Marylander: Man does it feel good to be back home in Baltimore! Michael: You betcha! Now we’re a week away from the NFL Draft, and boy the tensions are growing. Allan: Whistling (What are we going to be doing on Draft Night) Michael: You, Edgar, Poe, Darkness, and the Salty Marylander are going to be the emcees at the Ravens Annual Draft Party at Reckless Shepherd Brewery in Columbia. Poe: Whistling (AWESOME!) Marylander: Boy am I excited to do this especially in front of hundreds of Ravens fans! But what about you two? Jennifer: I’m going to Detroit to cover the draft for us. Marylander: Of course Jennifer. I knew you were definitely going since you’re our reporting expert, but is Michael coming with you? Michael: Yes I am. Well I may not have the insane reporting skills that my girl has but I know my facts. Poe: Whistling (That’s right buddy) Michael: And of course, Jennifer wanted us to be alone for the weekend. I was kinda hesitant towards having a romantic weekend while covering the draft, but hey give the people what they want. Jennifer: This is why I love you so much. MWA! Michael: Yup, more mistletoe for the grinder. Jennifer: Anyways, you guys can go relax on the pool deck. Raven Bros: Whistling (YEAH BOY!)

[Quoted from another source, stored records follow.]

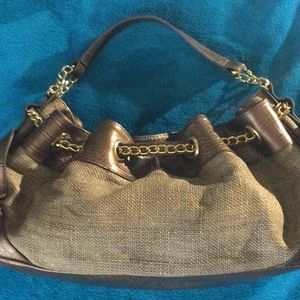 Cache handbag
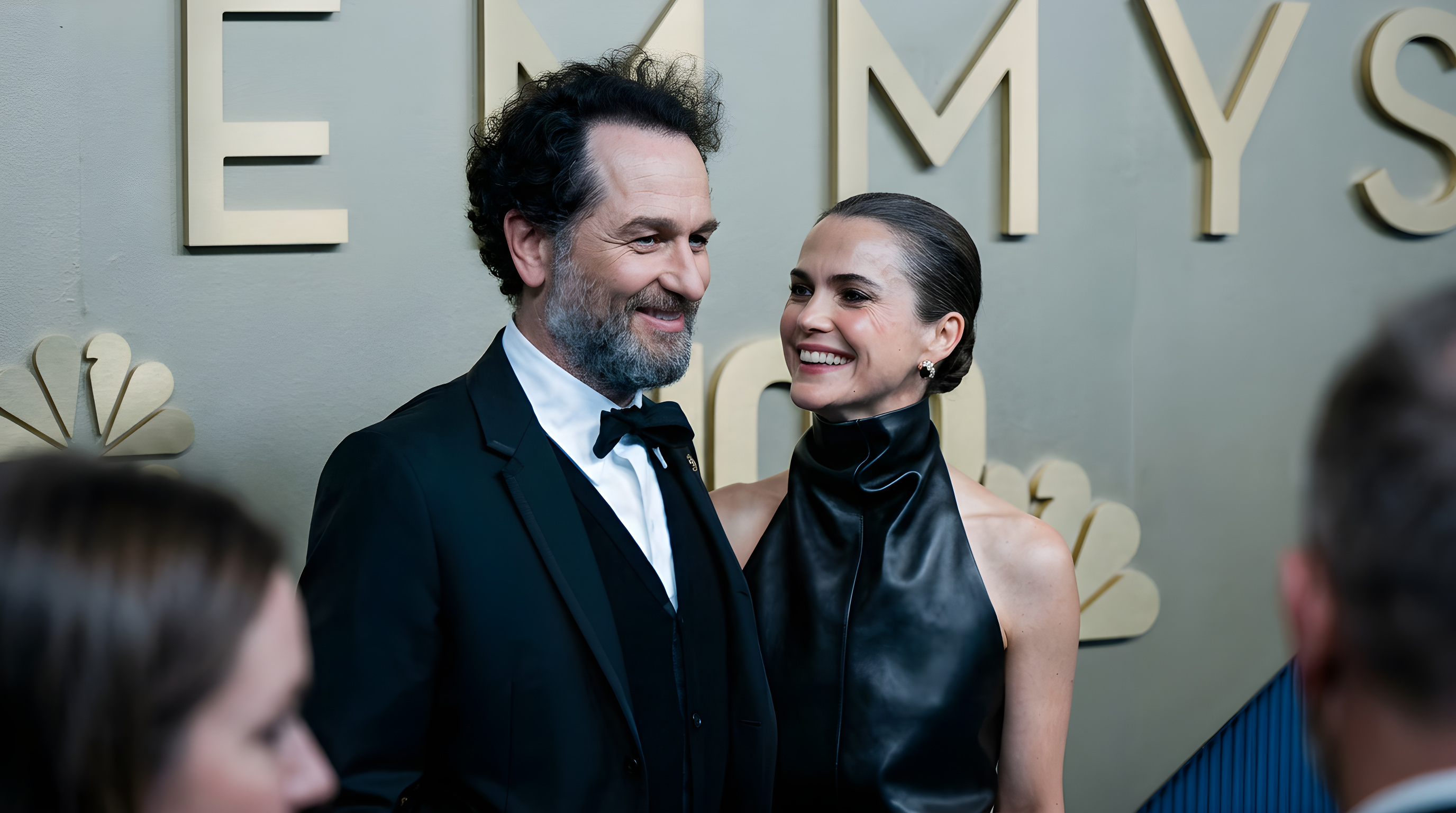 Keri Russell og Matthew Rhys stråler i sort til Emmy-fest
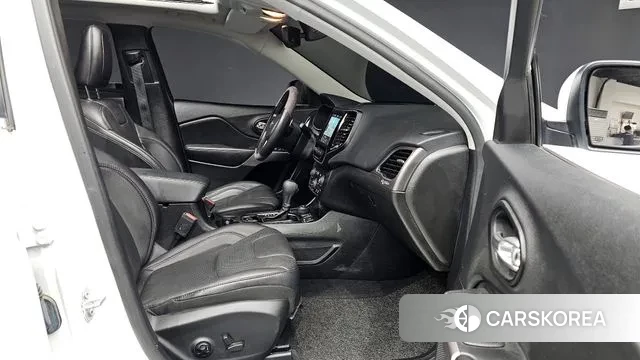 Jeep Cherokee (KL) id 3561892 из Кореи 20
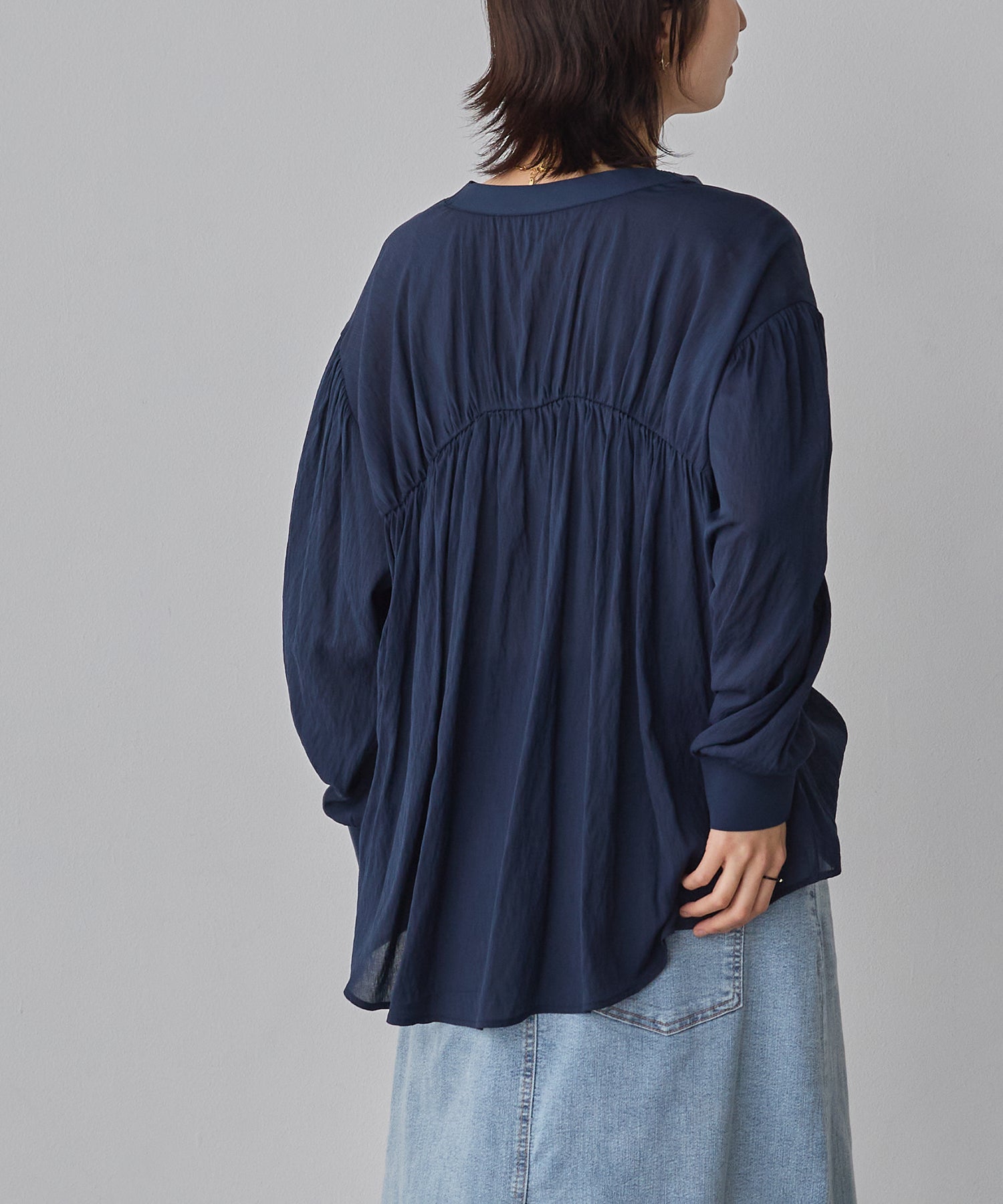 SHEER GATHERED CARDIGAN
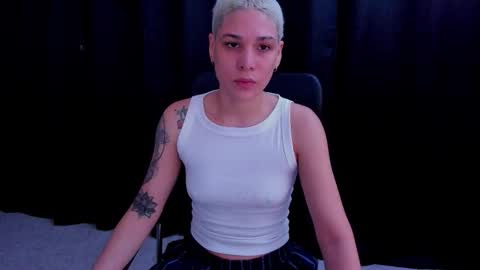 Snapshot of laura_r23 chatting on September 13, 7:00 pm Laura Rose online show from September 13, 7:00 pm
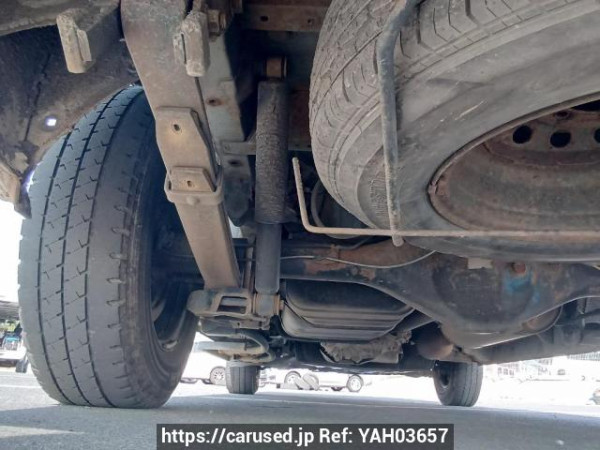 Used 2005 AT toyota regiusace-van KDH205K Image[40]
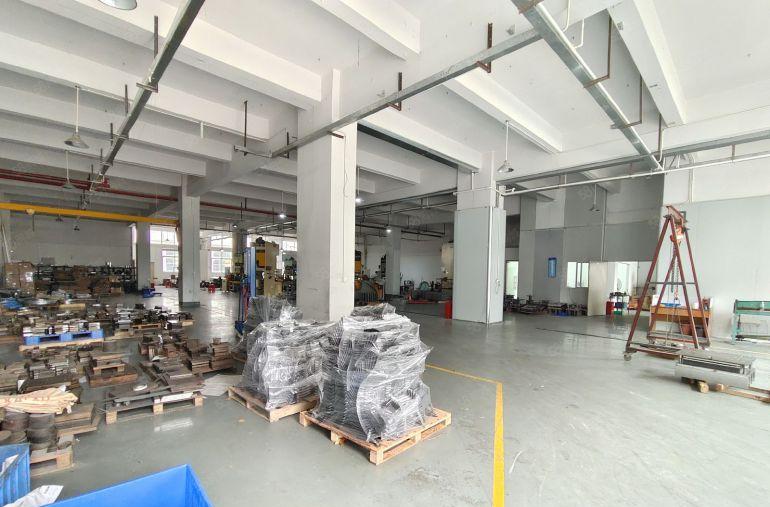 1楼租金24免租期2个月凤岗五联原房东一楼1400平厂房出租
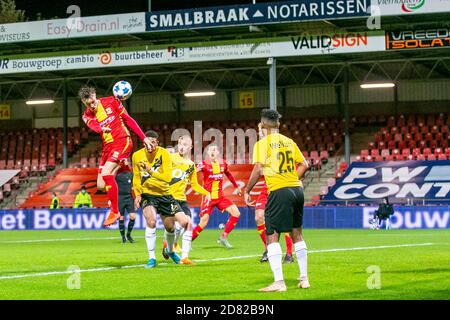 Deventer, Niederlande. Oktober 2020. DEVENTER, Stadion De Adelaarshorst, 26-10-2020, Saison 2020/2021, Niederländer TOTO KNVB Beker. Ga Adler Spieler Sam Beukema (L) erzielt 1-0 Punkte während des Spiels Schieß los. Adler - NAC Kredit: Pro Schüsse/Alamy Live Nachrichten Stockfoto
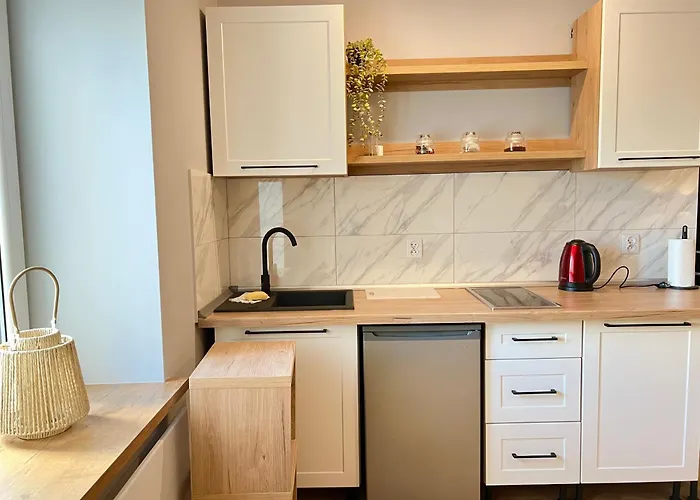 Kawalerka 51 Λοτζ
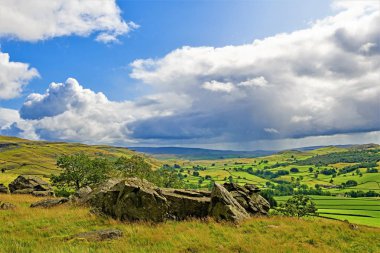 Austwick, İngiltere 'nin Kuzey Yorkshire eyaletinin Craven ilçesine bağlı bir köydür. Yorkshire Dales Ulusal Parkı 'nın kıyısında Norber Erratikler Britanya' daki en iyi buzul düzensiz kayalarıdır..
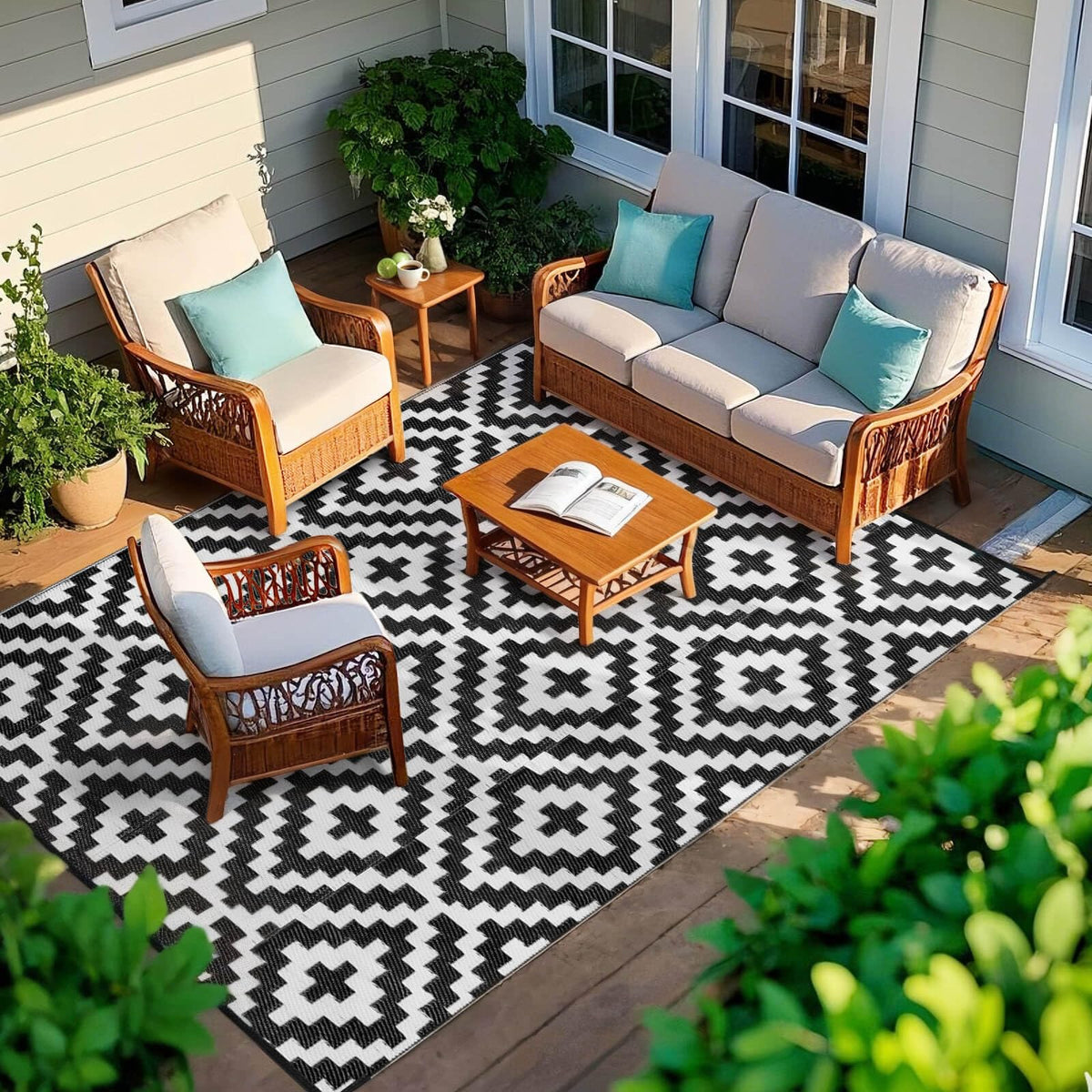 Kalafun rug in outdoor setup for casual gatherings and quick setup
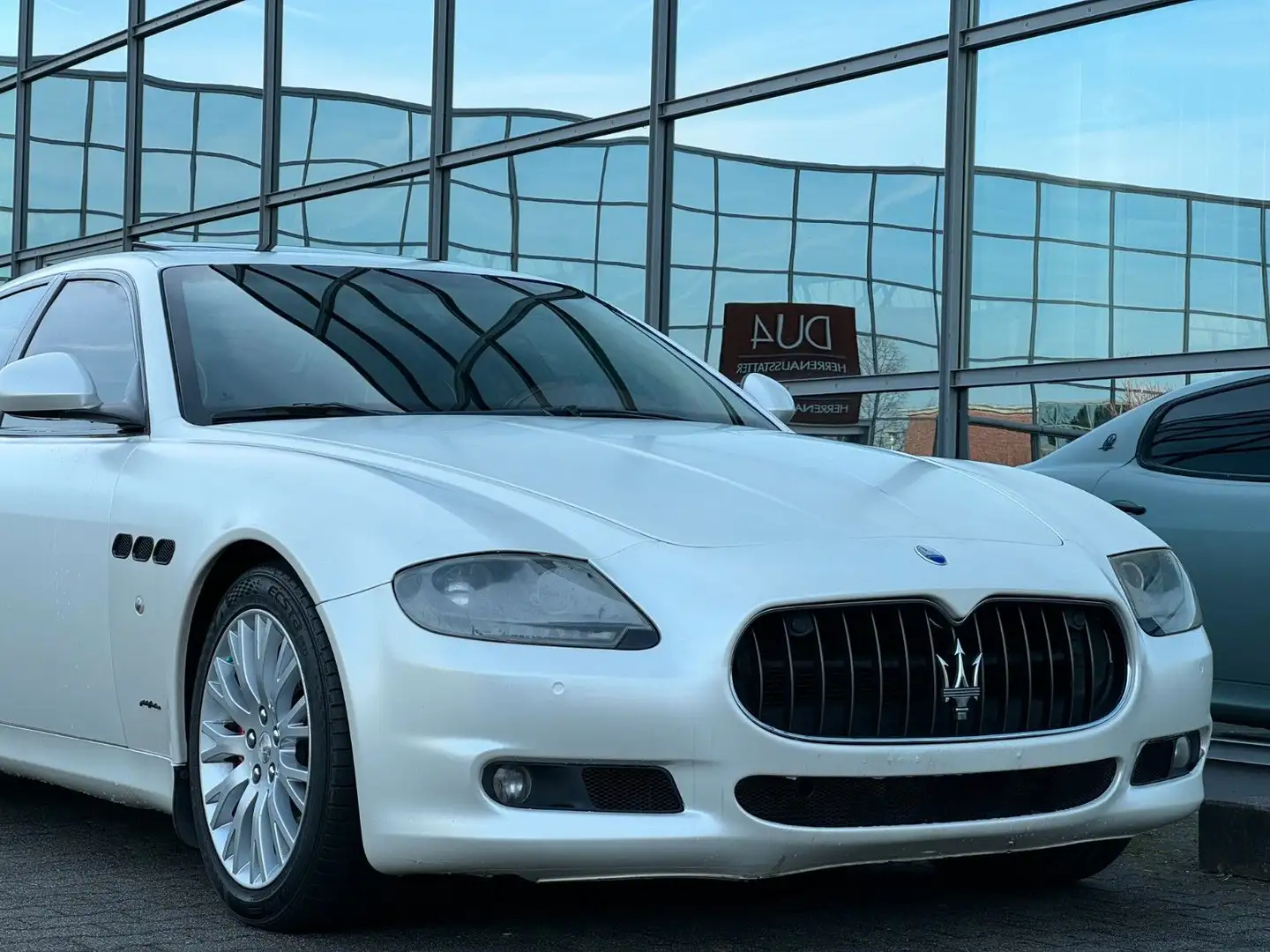 Maserati Quattroporte v8 4.2 SB-Dach PDC Xenon Bose Bílá - 1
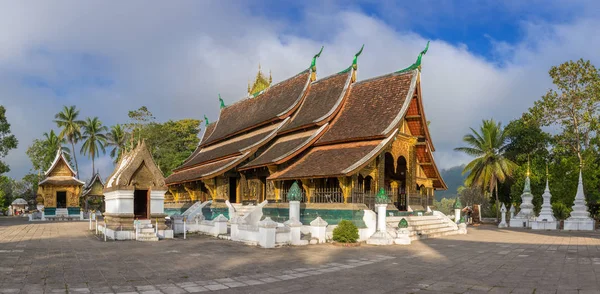 Храм Ват Сиенг Тхонг — стоковое фото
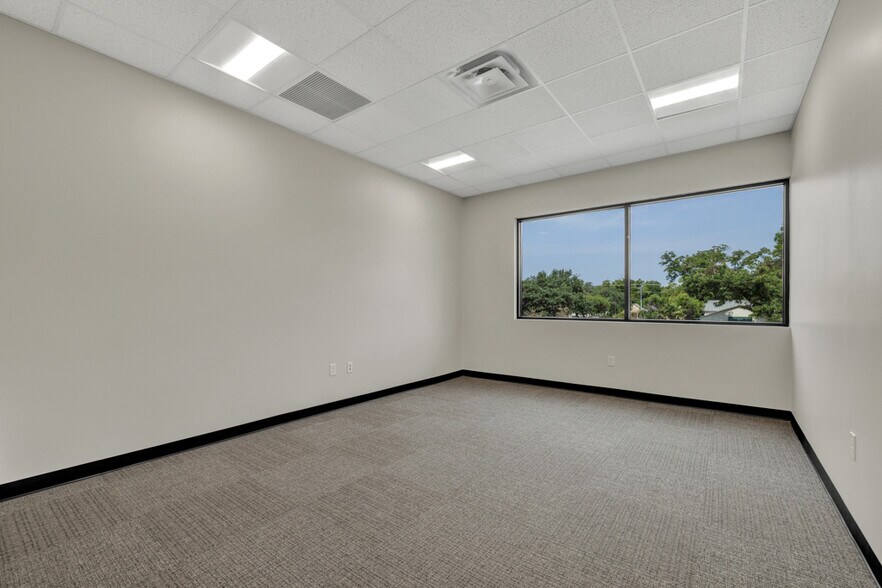 More Photos Of 207 E San Antonio St, New Braunfels Loft Creative Space For Lease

(2 Days Before the NFL Draft)

(The Night is Still Young playing) Jennifer: What dress should I wear to Detroit on Draft Night? Hm, let’s see. Oh yes! All flowers all the time! I mean one of our more popular players is named Flowers. And boy is Michael going to look so good in this navy suit especially with the purple tie. OH MICHAEL! Michael: Yes! Jennifer: Can you come upstairs here for a minute? Michael: Sure thing. Jennifer: Hey my love. Michael: Whatcha got? Jennifer: I picked out our outfits for our trip to Detroit. Your thoughts? Michael: You really want me to wear a suit on Thursday don’t you? Jennifer: Yup. Both of us need to look like professionals since we might be recording the draftee walk-ins on the red carpet. Plus what’s a beautiful woman without her true love being just as fancy. Michael: Make sense. I’m more surprised you picked out a summer dress that would make Zay Flowers proud considering that it’s going to be kinda chilly at night up there in Motown. By the way he won’t receive any charges by the NFL for the incident involving him and his college girlfriend the week before the Chiefs game. Jennifer: Good! Anyways, you taught me the lesson of toughening up in chilly conditions especially when we first met. Michael: There you go. I see you’re using that to your advantage. Normally I’d wear no sleeves on a night like you are on Thursday where it’s going to be 45 degrees, but hey I must look good to appease you. Jennifer: Very true. We’re going to look so good out there! Michael: I know right. Besides, we’re also going to check in with the Draft Party in Columbia before the event starts, and right when the Ravens are on the clock so they’ll get to see how good looking we are. Jennifer: Hm, I can’t wait for Poe’s reaction. He loves it when I dress up before I go to work at the College Park fashion store in the morning. Michael: Hm, looks like Poe is going to get a massive kick out of you going flower power. Jennifer: HAHAHAHA! I can’t wait for his reaction!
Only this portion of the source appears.